Trenta minuti, trenta secondi. Il tempo di prendersi per mano, di trascinarsi in un entusiasmo dirompente, di lasciarsi andare e di abbandonarsi, con noise in frantumi, in un vortice ossessivo e circolare, tonante e melodico, come nei canti di quel cigno che si chiamava Yellow Swans. Il tutto immerso in una semplicità compositiva sbalorditiva.

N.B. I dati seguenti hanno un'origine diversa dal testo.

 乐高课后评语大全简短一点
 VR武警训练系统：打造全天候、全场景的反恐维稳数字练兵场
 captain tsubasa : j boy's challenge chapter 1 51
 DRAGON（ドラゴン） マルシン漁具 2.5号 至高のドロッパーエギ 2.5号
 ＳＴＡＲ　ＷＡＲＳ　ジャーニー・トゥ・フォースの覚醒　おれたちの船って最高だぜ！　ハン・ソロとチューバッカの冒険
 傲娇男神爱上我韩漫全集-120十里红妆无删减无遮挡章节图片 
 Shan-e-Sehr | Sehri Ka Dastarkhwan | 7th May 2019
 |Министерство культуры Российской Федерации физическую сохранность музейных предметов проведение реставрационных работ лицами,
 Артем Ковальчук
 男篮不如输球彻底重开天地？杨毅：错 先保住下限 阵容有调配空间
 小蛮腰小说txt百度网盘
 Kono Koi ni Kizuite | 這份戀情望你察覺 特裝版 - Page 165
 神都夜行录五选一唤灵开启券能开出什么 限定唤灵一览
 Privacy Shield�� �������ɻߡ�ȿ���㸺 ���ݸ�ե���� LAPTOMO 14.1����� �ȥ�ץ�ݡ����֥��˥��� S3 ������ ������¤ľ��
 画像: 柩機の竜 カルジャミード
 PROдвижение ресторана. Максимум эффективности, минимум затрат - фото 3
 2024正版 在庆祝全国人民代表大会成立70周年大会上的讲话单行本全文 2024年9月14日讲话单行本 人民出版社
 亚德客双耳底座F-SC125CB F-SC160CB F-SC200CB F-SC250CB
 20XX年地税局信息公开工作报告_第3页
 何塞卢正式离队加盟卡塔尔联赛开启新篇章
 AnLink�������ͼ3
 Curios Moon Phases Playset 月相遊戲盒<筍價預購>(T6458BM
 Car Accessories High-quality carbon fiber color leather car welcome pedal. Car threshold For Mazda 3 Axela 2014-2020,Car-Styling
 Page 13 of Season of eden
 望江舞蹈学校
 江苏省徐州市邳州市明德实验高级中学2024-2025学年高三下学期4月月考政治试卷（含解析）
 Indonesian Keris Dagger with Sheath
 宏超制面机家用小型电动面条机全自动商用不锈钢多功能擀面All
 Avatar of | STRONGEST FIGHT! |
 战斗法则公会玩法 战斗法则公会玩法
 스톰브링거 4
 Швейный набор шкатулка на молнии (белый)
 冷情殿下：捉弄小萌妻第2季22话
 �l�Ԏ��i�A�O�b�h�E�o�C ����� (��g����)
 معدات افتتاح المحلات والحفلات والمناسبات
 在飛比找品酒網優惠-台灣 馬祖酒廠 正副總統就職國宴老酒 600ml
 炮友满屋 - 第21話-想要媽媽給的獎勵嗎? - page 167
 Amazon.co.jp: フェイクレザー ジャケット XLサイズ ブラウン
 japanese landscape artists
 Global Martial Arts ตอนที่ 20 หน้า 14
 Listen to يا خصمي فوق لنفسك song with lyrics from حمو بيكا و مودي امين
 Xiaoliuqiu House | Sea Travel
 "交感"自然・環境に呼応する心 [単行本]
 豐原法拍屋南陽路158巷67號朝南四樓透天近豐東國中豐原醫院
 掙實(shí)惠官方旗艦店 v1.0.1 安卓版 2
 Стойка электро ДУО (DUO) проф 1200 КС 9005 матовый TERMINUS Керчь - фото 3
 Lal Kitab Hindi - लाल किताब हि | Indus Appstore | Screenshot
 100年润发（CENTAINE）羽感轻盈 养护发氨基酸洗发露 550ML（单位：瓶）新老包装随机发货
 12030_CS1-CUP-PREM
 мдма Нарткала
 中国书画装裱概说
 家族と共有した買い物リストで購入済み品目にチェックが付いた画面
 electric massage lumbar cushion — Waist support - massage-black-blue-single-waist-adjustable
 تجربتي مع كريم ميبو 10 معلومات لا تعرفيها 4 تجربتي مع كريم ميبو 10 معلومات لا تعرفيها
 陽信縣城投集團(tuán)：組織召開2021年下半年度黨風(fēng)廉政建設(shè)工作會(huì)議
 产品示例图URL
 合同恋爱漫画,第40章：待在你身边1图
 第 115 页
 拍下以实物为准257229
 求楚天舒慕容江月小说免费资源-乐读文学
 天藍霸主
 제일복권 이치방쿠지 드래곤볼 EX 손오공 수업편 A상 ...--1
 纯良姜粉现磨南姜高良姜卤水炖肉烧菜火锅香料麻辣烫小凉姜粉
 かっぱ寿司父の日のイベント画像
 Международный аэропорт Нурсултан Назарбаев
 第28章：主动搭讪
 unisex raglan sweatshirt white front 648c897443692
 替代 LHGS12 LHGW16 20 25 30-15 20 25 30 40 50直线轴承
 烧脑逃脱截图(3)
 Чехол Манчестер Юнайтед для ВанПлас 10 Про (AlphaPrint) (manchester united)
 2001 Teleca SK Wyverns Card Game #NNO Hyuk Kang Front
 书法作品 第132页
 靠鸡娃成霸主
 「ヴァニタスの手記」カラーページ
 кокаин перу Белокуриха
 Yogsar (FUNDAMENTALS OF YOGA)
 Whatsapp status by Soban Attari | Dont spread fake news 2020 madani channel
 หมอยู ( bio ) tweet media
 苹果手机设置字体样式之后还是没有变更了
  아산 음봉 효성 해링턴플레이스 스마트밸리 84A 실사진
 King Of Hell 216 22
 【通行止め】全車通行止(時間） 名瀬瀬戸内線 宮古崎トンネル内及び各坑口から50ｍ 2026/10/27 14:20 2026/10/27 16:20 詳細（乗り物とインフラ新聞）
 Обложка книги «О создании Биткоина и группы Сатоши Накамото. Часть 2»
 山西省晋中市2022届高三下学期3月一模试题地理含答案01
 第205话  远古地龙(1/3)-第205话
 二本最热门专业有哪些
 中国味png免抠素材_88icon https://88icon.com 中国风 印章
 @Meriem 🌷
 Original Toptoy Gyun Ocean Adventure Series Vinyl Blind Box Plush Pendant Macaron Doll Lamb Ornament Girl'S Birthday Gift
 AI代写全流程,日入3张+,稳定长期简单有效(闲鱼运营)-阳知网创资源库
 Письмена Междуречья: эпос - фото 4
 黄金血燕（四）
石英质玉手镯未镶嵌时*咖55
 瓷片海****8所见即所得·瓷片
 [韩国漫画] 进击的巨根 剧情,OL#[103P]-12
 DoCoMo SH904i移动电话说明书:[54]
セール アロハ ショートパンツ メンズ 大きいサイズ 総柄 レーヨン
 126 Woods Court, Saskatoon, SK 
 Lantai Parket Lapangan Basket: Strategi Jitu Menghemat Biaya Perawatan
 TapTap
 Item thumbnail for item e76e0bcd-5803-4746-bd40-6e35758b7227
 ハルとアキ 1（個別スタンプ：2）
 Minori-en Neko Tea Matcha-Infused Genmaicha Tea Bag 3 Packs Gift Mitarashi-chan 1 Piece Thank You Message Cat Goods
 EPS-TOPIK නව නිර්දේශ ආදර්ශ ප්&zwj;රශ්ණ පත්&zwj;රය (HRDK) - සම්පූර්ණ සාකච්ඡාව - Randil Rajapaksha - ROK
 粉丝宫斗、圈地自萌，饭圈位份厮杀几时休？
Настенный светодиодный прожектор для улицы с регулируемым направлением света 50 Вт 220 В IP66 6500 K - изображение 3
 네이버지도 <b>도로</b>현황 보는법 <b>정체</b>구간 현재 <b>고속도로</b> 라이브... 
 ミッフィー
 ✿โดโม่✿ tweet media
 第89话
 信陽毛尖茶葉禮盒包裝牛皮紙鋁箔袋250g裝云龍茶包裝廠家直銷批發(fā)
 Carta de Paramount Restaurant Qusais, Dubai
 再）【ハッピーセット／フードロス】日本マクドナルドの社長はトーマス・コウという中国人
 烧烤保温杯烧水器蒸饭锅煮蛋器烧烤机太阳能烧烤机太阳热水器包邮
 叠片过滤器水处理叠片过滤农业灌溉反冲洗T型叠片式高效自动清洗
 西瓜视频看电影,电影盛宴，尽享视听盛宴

Nulla di già sentito, si dirà. Nulla di nuovo. Sì, vero. La coda finale non sorprende gli avvezzi a certi suoni, né d’altronde la modalità d’azione dei primi venti minuti, abbastanza orecchiabili. Ma il mulinello d’azione che si riverbera, tra rivoli di field recordings, ambient digitale, microsuoni granulosi, è dirompente nella sua semplicità, nel suo climax di incastri.
Si prende il volo, in un'attesa smasmodica che qualcosa accada, tra rintocchi che profumano di new age in versione 3.0, echi heckeriani, musica sacra (non così distante dalla gigantesca Kara-Lis Coverdale). E quel qualcosa accade, in questi loop di 4 minuti l’uno, che si affastellano gli uni sugli altri, in una progressione di nervosissimi campionamenti di violini. Un qualcosa che non ha un centro nevralgico, ma che vive del suo stesso cammino incessante.

Che vi rimandi al minimalismo, che vi rimandi a Riley o ad altri totem, poco importa. Questo perché “Degradation Loops” è un qualcosa di piccolo, e si rivolge a chi ascolta in maniera quasi ossequiosa del suo essere una magnifica sinfonia di un già sentito. In fondo dell’inquadramento storico di un album così costruito interessa zero, vuoi per la portata egotica, ansiogena e necessaria dell’opera, vuoi per il suo essere annichilente, tumultuoso, feroce e romantico.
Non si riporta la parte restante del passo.